あっ、やばいと思い土下座をし冒頭に繋がる。

 

 

 

「フンっ、次はないわよ」

 

 ははー、とひれ伏し許しを得る。

 そんなこんなで許しを得たところで、今回の計画を打ち立てる。

 

「でだ、結局アリーナの一層を攻略したわけだが……割りと普通に行けたな。特別に何もなく」

「ええ、そうね。何か仕掛けてたと聞いてたんだけど?」

「あー、まあな。念のために仕掛けたであろうエリアを調べてみたんだが……特に何もなかった。

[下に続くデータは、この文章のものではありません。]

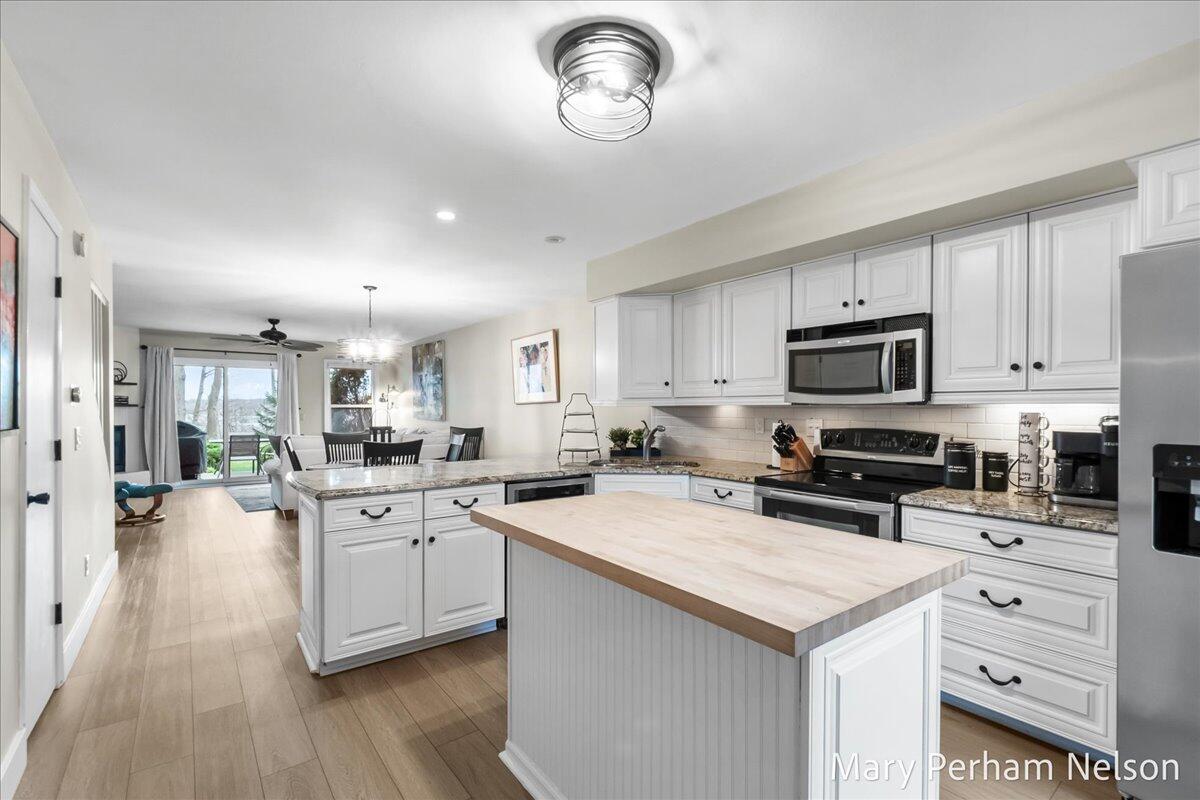 124 Elizabeth Street Saugatuck MI 49453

痕跡一つなかったよ」

 

 あのキャスター陣営がアリーナから帰った後、ゆっくりとアリーナを踏破した。その際、キャスターが仕掛けたとされるエリアをくまなく調査したのだが、何の成果も得られなかった。

 

「それに、あれほどの力を持つキャスターが何もしなかったとは考えにくい」

 

 なにせ空間を跳躍してみせたのだ。さも当然のように。

 あのマスターもまた、驚嘆している様子はなかった。見慣れているのか、あるいはそれができて当然と思える英雄なのか。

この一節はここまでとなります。